Indeed, the waitress warmed up to us when we showed warranted appreciation for the galette complète, mostly via smiles, moans and thumbs-ups, as we were rendered speechless. She launched an impassioned conversation with my boyfriend about Brittany’s pride for its galettes and even showed us a picture of the galettes served in England, pausing to let us mirror her obvious disappointment. To her admitted surprise, the best galette she’d ever had was far from France, on the island of Mauritius. Ironically, she discovered that this remote restaurant was actually managed by a man from Brittany.
Your own memorable dish at the crêperie ought to be complemented by a bowl of sweet or dry local cider, and rounded off with a sweet crêpe smothered in salted-butter caramel, delicately topped with a strawberry.
To venture outside the walled city, especially for the tourist-phobic traveler, a hike up to the Alet City fort is highly recommended. Starting from the sandy beach at Saint-Servan, follow the road uphill, snaking around a fishing-boat harbor, church ruins and a park, steadily climbing through greenery toward a sparkling overlook on the surrounding harbors and the walled city. Here in the park is a perfect place to set up a tent (if you’re the camping kind) and spend the evening barbecuing. (If you’re looking for a hotel, the Girls’ Guide recommends the Relais de Brocéliande, no too far from Saint-Malo.)
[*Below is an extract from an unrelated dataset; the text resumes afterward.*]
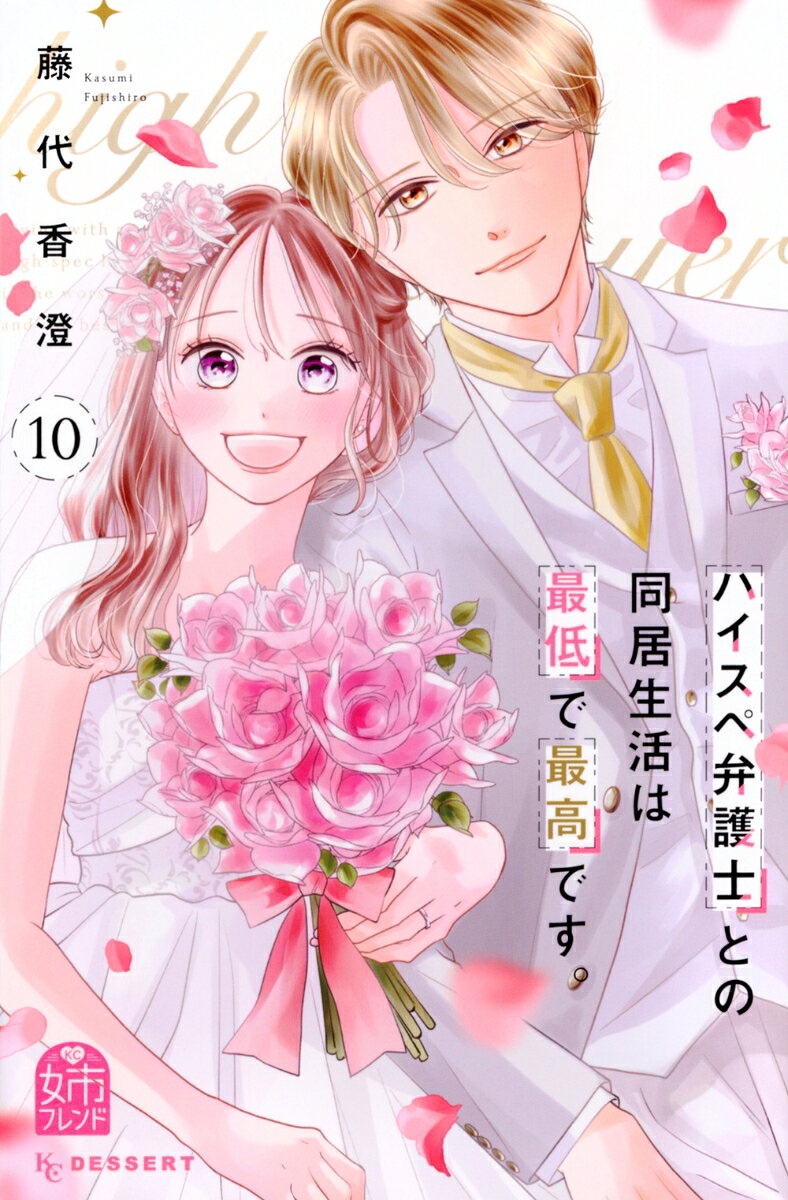 製品画像：29位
Climbing higher to the peak, the hilltop is actually a former site of a World War II German bunker tucked into the landscape. The bunker and museum are open most afternoons, so you can explore them if you’d like to, and the surrounding nature trails are open all day.
If Saint-Malo starts to feel small after a few days, take a local bus to Cancale, another seaside town from which you can see the island of Mont Saint-Michel and its monastery, a UNESCO World Heritage site. Gaze out over the oyster beds toward the island while plucking oysters from their shells if you have the stomach for slimy seafood. If not, pop into a galette or seafood restaurant with a view of the sea. After all, you want to stock up on Brittany cuisine as much as possible to stave off those inevitable future cravings.
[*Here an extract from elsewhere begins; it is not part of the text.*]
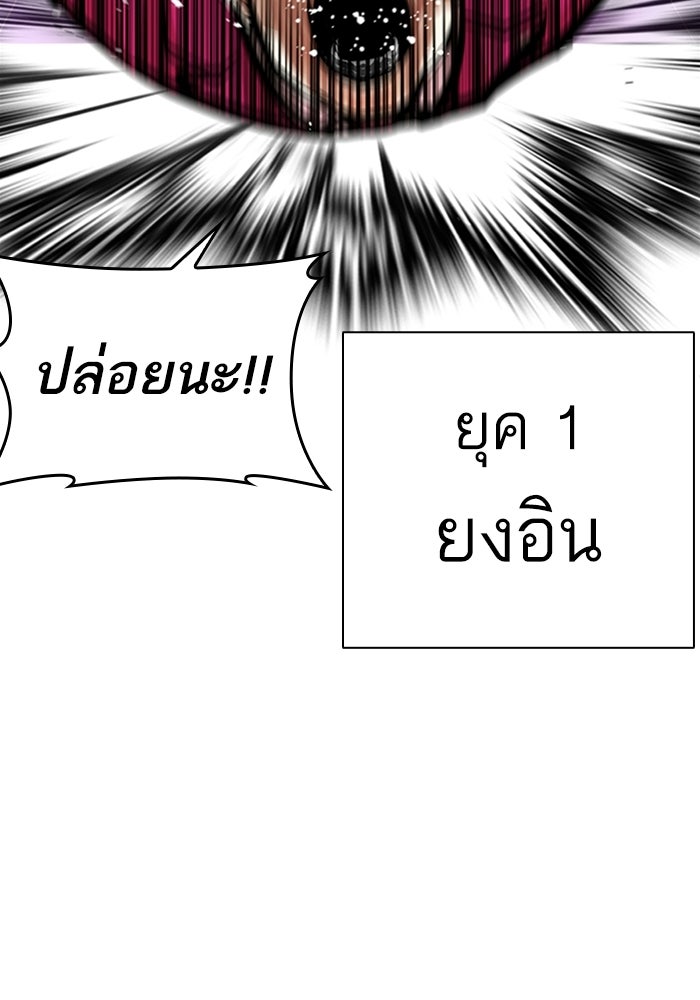 LOOKISM - หน้า 41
Struck with wanderlust at an early age, Tori Evans studied in Australia to try to get as close to as many deadly things as possible, then moved to Alaska to see how often she could get lost in the wilderness, and then to Egypt to get caught in a revolution. Now a resident of Paris and bound in the mysterious PACS (Pacte civil de solidarité) with the Frenchman she picked up in Cairo, she is set on exploring the thrills of the City of Light. Check out her three years of culture shock, scuba diving and horseback—and donkeyback—desert riding in Egypt at www.torievans.blogspot.fr and at her new French blog.
Editor’s note: If you are a Girls’ Guide Travel Club member, you might like to stay at this lovely family-owned seaside hotel overlooking Saint-Malo or this lovely hotel and spa nearby. To get your 10 percent discount, which only Girls’ Guide members receive, you must reserve via this phone number: (800) 333-0150. Simply call and give your Girls’ Guide membership number, and you’ll stay in luxury for less!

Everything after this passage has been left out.